Das Gedächtnis der einst glanzvollen jüdischen Gemeinde von Wien, das umfangreiche Archiv, das die NS-Epoche überdauert hatte, wird in Jerusalem verwahrt. Es war in den ersten Jahren nach der Schoah in den damals noch jungen Staat Israel überführt worden. Alle Bestrebungen, die Bestände rückzuführen, scheiterten. Erst unlängst entschied ein israelisches Gericht, die künftige Heimat für das historische Vermächtnis des Wiener Judentums liege im zionistischen Staat. Ein Spruch, der wie ein fernes Echo der ersten Nachkriegsjahre klingt.

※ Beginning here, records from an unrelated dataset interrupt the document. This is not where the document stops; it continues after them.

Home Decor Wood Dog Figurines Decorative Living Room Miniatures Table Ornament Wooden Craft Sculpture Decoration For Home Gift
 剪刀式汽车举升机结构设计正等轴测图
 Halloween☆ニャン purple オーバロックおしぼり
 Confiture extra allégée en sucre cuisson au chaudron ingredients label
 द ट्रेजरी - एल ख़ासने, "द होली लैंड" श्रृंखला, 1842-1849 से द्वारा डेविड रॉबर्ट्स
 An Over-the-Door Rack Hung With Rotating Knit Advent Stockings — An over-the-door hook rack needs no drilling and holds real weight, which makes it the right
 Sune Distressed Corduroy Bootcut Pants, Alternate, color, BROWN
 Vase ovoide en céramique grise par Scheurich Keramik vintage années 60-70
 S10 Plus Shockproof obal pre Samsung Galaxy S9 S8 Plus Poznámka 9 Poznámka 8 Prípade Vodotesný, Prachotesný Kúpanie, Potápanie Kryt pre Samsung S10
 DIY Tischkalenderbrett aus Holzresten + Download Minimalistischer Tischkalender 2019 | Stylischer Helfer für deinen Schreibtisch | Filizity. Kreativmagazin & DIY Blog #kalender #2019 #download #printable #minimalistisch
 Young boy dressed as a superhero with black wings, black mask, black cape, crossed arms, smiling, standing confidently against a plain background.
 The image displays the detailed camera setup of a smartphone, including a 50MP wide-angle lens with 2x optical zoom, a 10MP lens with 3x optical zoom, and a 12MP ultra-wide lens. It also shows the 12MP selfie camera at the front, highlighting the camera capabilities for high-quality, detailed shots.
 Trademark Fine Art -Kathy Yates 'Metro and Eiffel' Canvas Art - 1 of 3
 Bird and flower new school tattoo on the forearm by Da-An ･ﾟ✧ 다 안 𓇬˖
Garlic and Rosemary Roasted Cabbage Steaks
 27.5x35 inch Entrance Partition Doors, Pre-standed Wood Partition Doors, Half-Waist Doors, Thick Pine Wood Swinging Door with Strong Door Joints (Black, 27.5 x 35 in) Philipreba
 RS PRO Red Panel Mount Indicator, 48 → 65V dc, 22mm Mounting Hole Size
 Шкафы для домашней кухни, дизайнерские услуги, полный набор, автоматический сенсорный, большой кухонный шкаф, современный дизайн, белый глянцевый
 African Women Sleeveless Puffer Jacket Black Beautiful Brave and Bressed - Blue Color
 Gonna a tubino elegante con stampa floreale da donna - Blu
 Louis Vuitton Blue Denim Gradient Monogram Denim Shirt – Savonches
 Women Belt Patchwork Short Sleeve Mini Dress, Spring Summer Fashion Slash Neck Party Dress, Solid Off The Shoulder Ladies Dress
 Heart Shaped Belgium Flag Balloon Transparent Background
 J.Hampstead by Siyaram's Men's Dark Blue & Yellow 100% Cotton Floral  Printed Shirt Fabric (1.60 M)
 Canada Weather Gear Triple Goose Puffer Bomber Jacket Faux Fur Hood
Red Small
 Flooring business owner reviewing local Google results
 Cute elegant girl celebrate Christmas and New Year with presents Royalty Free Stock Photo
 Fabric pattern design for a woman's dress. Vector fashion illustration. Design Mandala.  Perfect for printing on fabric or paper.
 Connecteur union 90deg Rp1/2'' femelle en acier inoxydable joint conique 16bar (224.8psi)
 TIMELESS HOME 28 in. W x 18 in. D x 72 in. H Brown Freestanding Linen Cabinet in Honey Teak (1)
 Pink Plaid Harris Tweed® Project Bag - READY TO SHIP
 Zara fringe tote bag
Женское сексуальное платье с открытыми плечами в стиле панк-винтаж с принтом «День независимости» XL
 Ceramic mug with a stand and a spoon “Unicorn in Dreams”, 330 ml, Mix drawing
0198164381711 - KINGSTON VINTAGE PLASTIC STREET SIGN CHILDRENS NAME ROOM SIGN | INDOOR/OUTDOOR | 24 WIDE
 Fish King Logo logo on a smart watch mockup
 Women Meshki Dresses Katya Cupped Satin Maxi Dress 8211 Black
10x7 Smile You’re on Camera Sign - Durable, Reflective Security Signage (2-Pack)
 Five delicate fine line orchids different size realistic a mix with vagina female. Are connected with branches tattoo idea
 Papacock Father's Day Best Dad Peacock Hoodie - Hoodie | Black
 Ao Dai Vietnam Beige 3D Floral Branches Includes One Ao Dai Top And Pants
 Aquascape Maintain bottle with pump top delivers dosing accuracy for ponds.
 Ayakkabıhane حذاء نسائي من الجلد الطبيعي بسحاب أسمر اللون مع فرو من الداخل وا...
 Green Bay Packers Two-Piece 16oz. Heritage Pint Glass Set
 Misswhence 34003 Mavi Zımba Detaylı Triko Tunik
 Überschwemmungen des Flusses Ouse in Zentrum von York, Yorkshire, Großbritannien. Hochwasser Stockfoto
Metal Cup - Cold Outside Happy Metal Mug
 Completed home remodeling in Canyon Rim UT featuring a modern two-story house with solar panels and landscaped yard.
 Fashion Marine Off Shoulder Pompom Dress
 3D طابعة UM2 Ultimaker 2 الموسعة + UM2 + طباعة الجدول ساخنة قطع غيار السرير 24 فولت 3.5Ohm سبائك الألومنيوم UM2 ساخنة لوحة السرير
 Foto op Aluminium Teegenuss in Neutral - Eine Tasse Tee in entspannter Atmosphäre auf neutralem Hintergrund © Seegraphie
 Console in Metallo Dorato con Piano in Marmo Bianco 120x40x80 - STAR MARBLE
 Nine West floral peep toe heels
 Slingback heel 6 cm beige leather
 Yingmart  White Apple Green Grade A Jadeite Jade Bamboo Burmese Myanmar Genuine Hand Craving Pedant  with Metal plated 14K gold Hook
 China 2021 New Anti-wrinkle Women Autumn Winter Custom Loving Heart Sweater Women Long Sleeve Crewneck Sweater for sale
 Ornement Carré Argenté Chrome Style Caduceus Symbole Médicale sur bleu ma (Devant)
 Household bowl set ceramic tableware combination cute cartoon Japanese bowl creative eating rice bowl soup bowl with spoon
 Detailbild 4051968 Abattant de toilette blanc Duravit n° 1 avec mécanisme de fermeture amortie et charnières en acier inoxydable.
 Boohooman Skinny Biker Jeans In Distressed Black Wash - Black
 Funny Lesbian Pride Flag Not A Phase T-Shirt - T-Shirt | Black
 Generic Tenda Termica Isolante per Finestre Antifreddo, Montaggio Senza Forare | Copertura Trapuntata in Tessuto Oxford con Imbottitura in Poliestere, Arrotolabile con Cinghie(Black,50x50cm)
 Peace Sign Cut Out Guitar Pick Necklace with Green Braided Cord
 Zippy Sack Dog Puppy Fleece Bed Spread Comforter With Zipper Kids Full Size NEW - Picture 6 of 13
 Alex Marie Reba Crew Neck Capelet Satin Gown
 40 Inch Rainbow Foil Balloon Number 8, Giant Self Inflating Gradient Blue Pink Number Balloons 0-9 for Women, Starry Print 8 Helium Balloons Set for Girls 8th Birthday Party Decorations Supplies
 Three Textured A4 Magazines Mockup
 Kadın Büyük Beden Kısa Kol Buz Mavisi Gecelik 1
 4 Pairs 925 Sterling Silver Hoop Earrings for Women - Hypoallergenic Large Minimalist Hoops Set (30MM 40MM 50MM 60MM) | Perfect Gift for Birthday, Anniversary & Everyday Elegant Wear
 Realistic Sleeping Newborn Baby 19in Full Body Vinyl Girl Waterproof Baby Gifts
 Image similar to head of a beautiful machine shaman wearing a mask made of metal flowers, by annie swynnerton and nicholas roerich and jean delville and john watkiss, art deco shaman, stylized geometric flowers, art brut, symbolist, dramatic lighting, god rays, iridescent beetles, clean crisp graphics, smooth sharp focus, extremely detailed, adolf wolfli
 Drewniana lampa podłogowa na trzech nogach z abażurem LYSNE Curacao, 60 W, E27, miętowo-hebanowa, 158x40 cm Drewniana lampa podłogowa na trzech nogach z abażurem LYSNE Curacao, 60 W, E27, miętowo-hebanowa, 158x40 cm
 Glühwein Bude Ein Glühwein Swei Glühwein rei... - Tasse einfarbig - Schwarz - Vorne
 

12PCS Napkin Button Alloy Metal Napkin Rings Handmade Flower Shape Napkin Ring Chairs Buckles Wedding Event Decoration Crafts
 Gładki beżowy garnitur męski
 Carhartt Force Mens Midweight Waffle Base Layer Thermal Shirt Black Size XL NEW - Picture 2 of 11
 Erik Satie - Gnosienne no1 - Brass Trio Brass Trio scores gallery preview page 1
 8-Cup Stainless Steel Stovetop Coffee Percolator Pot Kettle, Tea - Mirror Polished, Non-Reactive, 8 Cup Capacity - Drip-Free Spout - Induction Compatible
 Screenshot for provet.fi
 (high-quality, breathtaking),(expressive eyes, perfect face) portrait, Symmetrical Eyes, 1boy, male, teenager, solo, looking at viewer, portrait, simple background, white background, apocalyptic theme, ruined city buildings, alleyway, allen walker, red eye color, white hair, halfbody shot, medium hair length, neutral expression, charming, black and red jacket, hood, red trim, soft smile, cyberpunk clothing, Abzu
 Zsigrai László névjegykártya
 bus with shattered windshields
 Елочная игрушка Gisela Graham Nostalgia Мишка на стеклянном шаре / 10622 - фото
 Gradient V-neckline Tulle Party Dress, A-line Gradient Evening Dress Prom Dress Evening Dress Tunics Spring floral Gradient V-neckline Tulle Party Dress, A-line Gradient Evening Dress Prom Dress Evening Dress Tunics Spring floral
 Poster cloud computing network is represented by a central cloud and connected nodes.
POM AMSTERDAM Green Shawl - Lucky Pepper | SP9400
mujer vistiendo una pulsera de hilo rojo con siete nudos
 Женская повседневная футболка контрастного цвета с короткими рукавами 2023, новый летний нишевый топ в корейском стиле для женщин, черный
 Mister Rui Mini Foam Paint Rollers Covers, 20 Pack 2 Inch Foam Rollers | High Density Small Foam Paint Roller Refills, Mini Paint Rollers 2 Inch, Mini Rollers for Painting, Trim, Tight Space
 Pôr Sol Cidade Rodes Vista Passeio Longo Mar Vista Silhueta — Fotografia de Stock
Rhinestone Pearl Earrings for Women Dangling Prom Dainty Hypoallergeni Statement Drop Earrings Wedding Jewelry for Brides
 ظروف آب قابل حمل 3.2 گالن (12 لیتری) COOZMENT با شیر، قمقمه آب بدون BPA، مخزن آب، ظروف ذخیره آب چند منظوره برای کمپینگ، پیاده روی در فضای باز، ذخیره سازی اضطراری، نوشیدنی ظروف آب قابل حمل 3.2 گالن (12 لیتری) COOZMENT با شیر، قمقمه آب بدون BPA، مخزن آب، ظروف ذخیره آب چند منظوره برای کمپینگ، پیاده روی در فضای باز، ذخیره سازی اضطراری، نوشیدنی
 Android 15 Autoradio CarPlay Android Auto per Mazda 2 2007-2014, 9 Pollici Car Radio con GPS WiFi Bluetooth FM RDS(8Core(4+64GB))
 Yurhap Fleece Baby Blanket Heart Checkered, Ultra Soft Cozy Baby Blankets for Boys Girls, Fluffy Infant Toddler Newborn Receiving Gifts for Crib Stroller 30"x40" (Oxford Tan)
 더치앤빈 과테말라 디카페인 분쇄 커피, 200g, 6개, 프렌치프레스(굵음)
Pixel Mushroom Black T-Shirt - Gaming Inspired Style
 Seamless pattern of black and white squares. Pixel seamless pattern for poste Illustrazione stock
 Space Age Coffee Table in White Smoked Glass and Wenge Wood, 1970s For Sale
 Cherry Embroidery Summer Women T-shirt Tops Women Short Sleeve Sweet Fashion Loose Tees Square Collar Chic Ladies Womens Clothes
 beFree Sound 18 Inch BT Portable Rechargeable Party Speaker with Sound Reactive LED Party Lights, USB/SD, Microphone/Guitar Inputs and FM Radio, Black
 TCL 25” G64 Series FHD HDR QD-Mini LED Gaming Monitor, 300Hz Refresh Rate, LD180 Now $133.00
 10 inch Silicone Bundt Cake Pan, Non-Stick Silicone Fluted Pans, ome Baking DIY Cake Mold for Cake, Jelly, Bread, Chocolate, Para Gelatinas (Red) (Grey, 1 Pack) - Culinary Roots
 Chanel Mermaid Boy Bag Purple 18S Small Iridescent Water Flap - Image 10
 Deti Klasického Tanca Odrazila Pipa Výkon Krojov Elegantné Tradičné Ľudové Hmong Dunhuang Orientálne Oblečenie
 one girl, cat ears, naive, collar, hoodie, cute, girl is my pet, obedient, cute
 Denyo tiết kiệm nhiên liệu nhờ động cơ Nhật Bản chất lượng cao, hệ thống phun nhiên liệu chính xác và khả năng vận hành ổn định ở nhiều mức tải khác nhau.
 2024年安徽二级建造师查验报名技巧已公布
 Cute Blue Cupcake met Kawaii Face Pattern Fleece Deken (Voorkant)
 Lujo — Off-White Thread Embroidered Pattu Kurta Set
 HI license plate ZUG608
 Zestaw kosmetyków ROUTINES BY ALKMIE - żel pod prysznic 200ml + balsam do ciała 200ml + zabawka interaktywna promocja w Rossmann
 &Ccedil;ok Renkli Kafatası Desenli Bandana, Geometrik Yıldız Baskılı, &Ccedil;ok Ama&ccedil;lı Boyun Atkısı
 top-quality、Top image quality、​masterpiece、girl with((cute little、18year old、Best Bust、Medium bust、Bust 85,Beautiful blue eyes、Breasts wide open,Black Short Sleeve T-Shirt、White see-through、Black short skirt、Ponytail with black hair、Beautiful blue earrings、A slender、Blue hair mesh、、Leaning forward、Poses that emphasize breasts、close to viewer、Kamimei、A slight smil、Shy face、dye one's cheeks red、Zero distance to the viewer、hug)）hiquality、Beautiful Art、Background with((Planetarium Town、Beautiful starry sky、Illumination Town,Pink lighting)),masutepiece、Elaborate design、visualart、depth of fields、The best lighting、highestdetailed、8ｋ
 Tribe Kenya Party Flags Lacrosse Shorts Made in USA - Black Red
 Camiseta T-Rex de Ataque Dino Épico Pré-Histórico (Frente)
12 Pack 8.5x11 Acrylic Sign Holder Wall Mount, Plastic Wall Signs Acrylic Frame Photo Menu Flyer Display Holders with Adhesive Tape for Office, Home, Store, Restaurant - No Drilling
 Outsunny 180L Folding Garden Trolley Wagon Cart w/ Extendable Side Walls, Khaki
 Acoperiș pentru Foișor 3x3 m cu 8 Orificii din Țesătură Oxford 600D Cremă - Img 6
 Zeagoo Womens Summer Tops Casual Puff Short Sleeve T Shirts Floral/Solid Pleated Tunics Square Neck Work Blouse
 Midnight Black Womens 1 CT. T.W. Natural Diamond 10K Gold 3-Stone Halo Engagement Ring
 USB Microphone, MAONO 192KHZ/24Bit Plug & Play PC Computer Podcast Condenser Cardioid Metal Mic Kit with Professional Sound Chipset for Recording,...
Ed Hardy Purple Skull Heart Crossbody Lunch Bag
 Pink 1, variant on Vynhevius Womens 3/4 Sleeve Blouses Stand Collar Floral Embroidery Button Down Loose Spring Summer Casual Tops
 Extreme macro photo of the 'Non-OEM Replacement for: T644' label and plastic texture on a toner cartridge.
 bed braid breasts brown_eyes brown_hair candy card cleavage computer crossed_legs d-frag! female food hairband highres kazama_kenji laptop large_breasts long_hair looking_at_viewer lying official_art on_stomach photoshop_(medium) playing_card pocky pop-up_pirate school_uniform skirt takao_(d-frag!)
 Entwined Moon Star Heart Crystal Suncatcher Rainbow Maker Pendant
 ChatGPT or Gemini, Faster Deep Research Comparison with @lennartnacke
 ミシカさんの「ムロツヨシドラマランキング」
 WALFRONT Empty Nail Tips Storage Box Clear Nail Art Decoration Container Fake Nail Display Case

In der Stunde der Befreiung war das einst blühende jüdische Leben in Wien ausgelöscht. Jenes Segment, das einst die Metropole maßgeblich geprägt hatte, war vollkommen verschwunden. Die Generalabsolution, welche sich die Wiener in der Folge viele Jahrzehnte lang erteilten, kam einer damnatio memoriae gleich: Wo es keine Täter gibt, gab es auch keine Tat.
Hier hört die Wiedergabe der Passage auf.